→ ASSIGNMENT
Write out the records in full, exactly as given, but without the images.

→ DATA PROVIDED
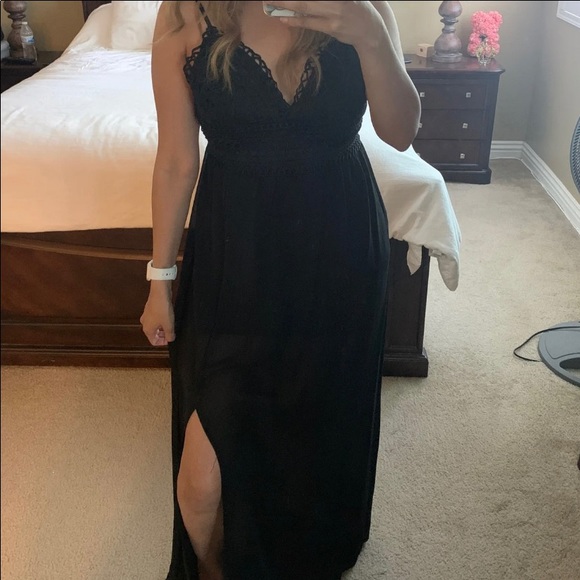 Dresses & Skirts - SOLD! Beautiful maxi dress-small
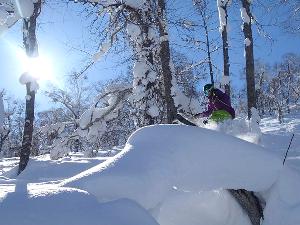 【カムイスキーリンクス】未圧雪のコースが魅力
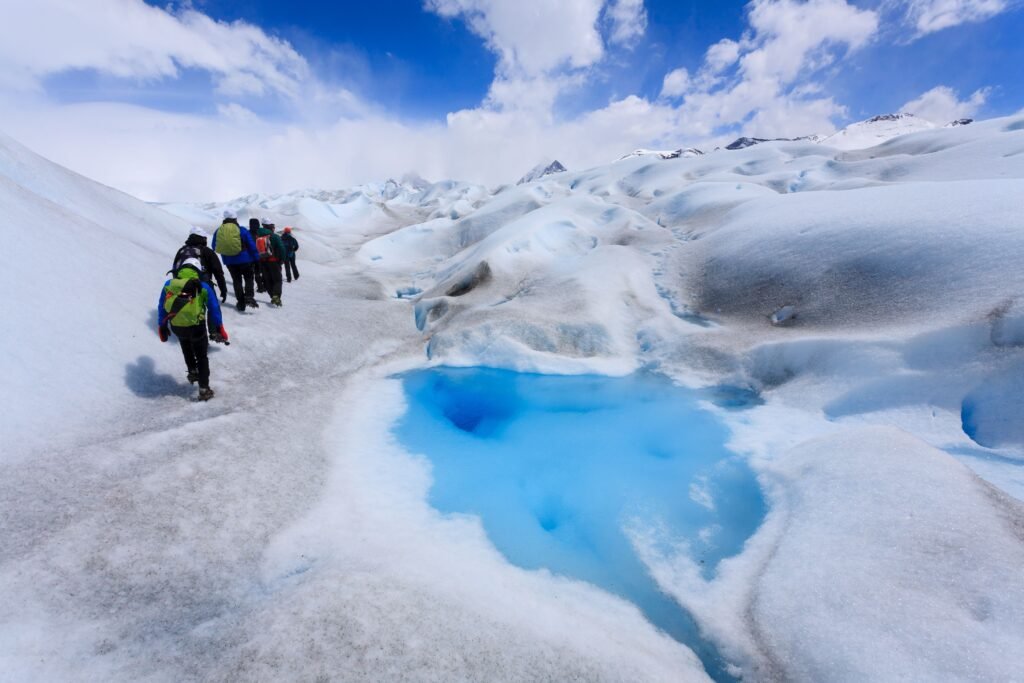 Descubra o glaciar Perito Moreno em um emocionante minitrekking na Patagônia Argentina. Caminhe sobre o gelo, aprecie vistas panorâmicas e viva uma aventura inesquecível.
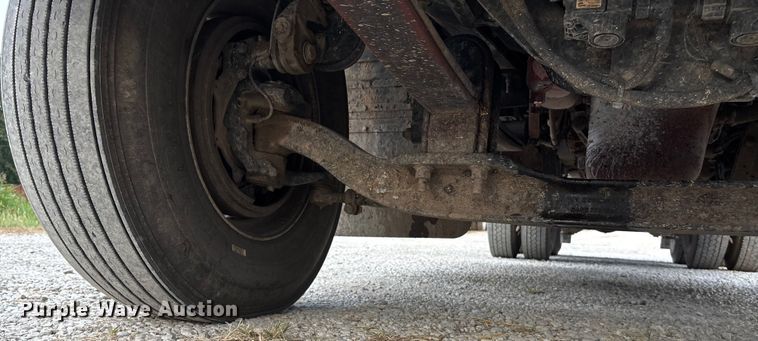 image for item DT3347 2022 Mack Pinnacle semi truck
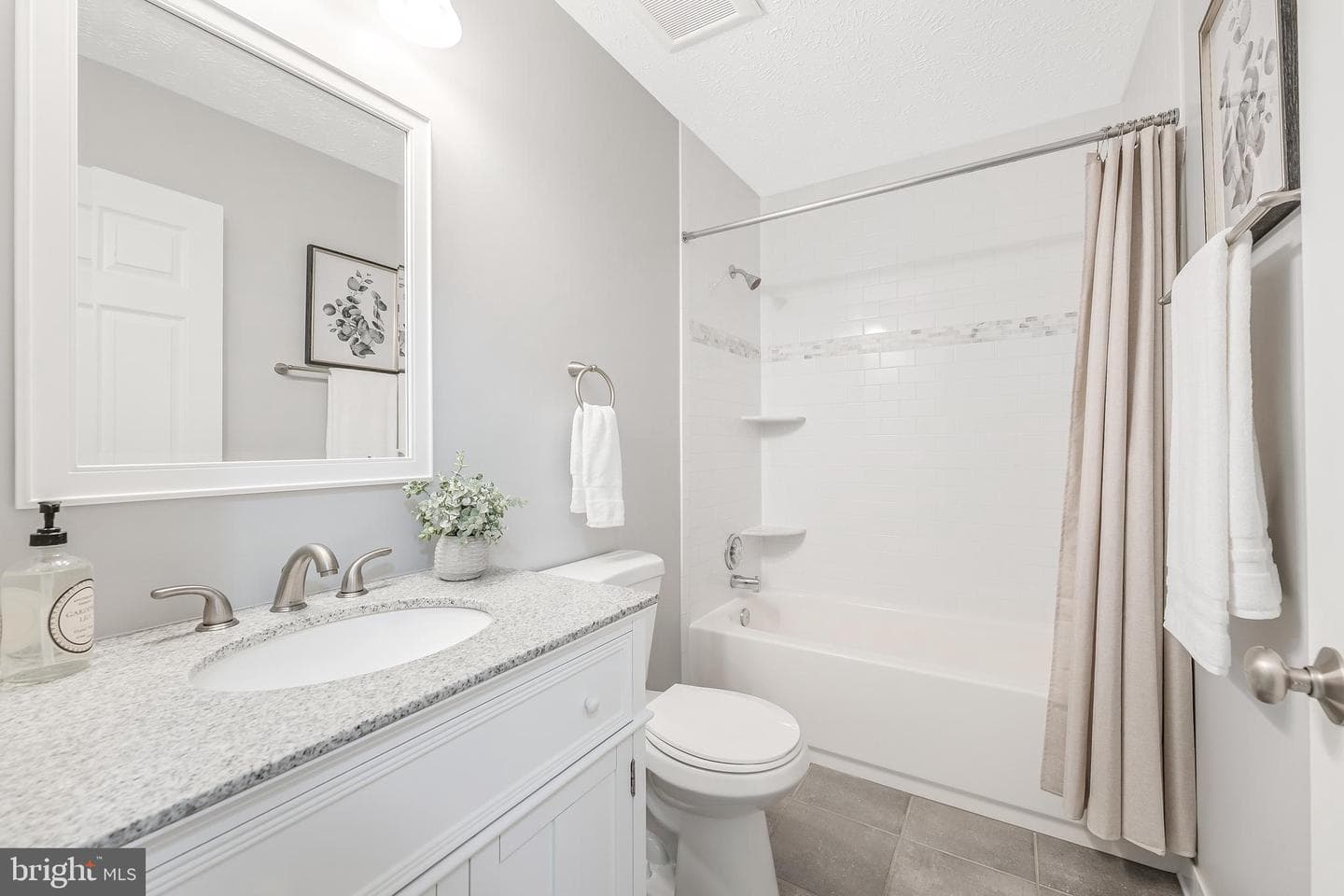 15046 Camellia Lane photo 38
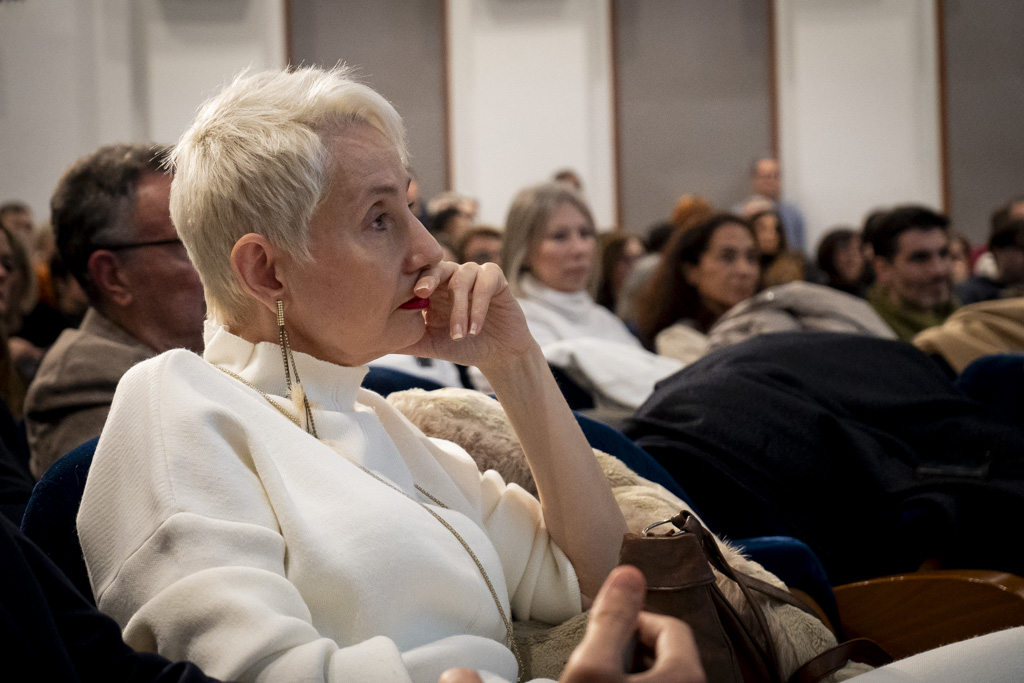 Ημερίδα, Νικολαιδου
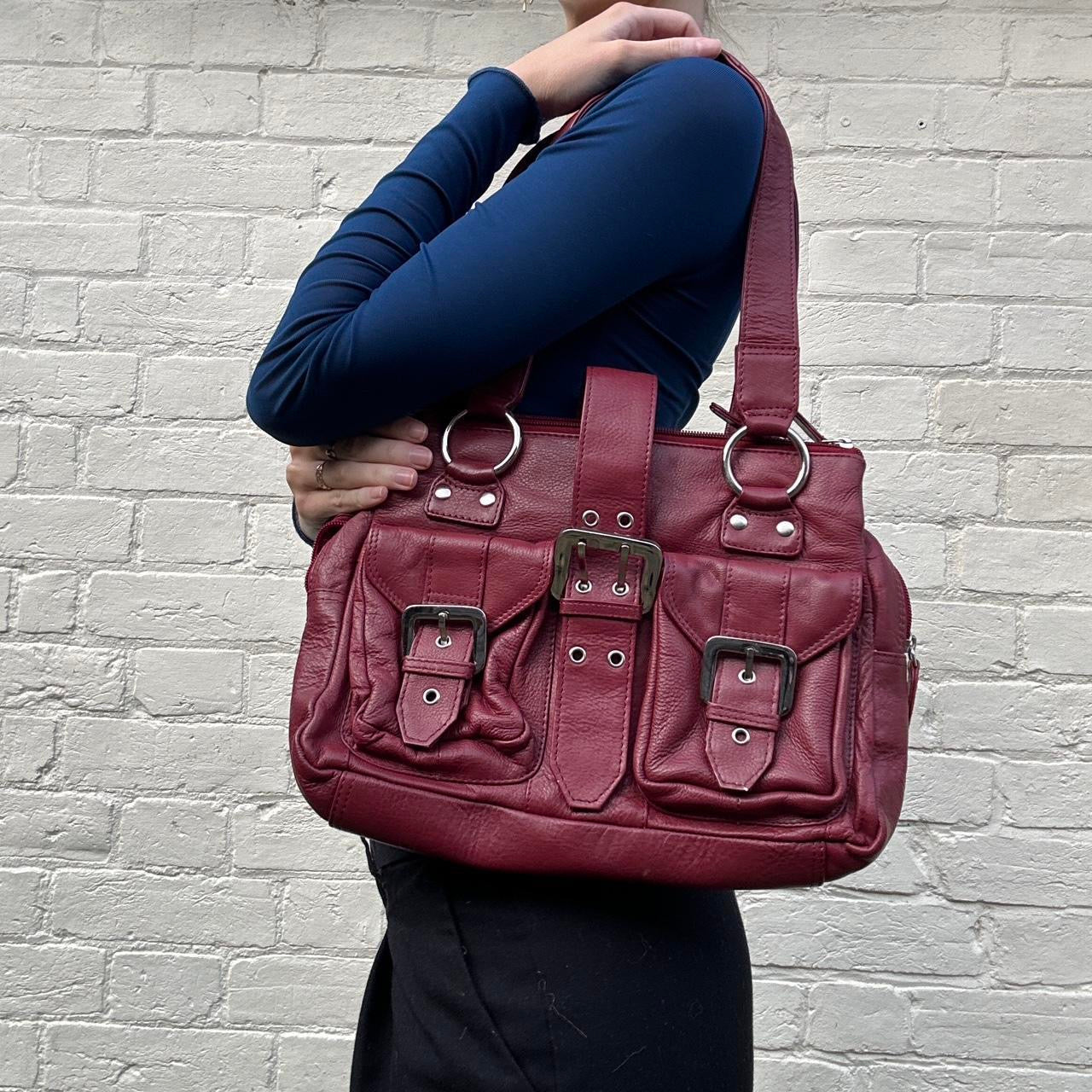 Vintage 00s red leather handbag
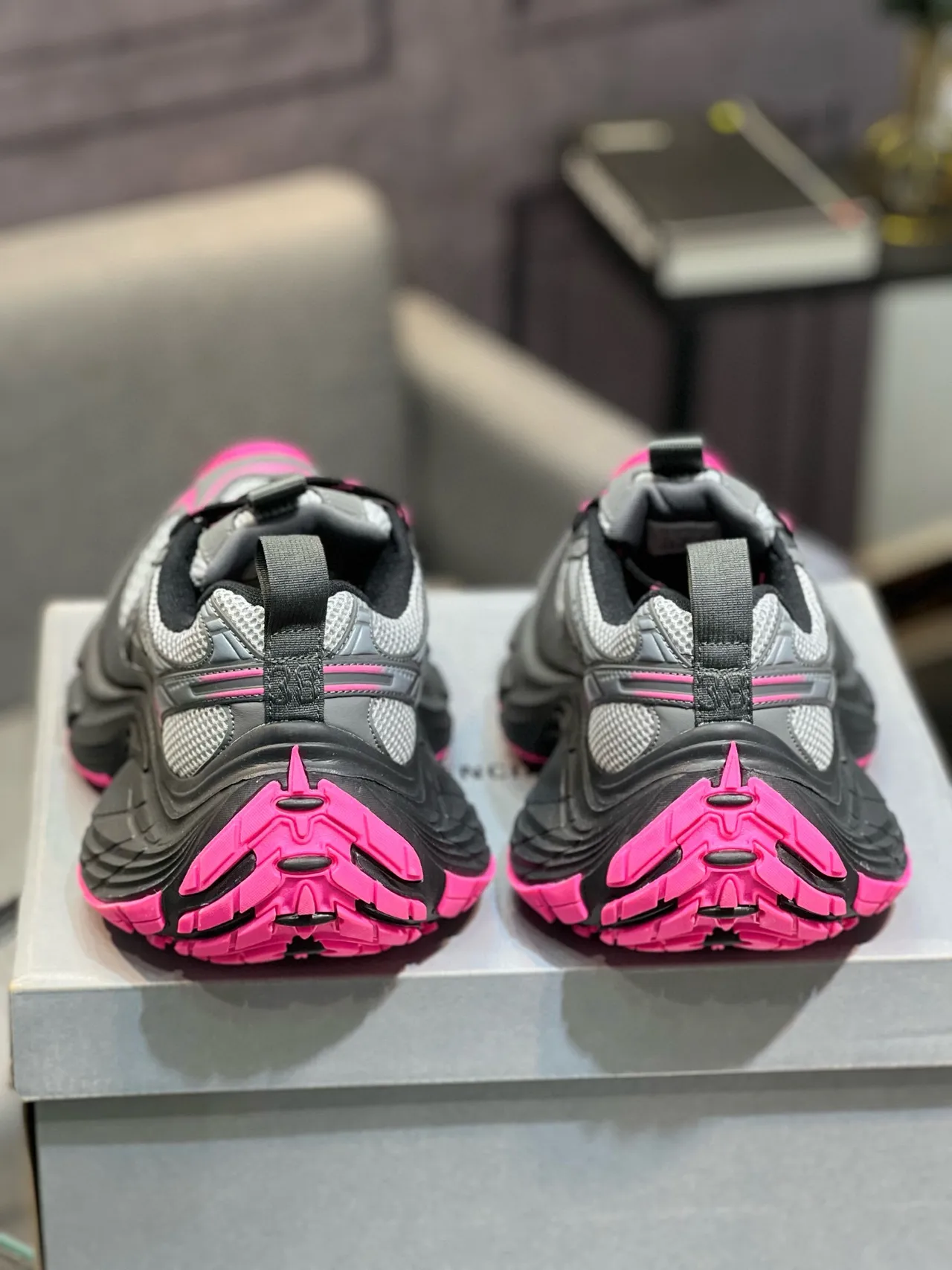 Balenciaga Track Trainer gris noir rose chunky sneakers 8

→ EXPECTED ANSWER
 Dresses & Skirts - SOLD! Beautiful maxi dress-small
 【カムイスキーリンクス】未圧雪のコースが魅力
 Descubra o glaciar Perito Moreno em um emocionante minitrekking na Patagônia Argentina. Caminhe sobre o gelo, aprecie vistas panorâmicas e viva uma aventura inesquecível.
 image for item DT3347 2022 Mack Pinnacle semi truck
 15046 Camellia Lane photo 38
 Ημερίδα, Νικολαιδου
 Vintage 00s red leather handbag
 Balenciaga Track Trainer gris noir rose chunky sneakers 8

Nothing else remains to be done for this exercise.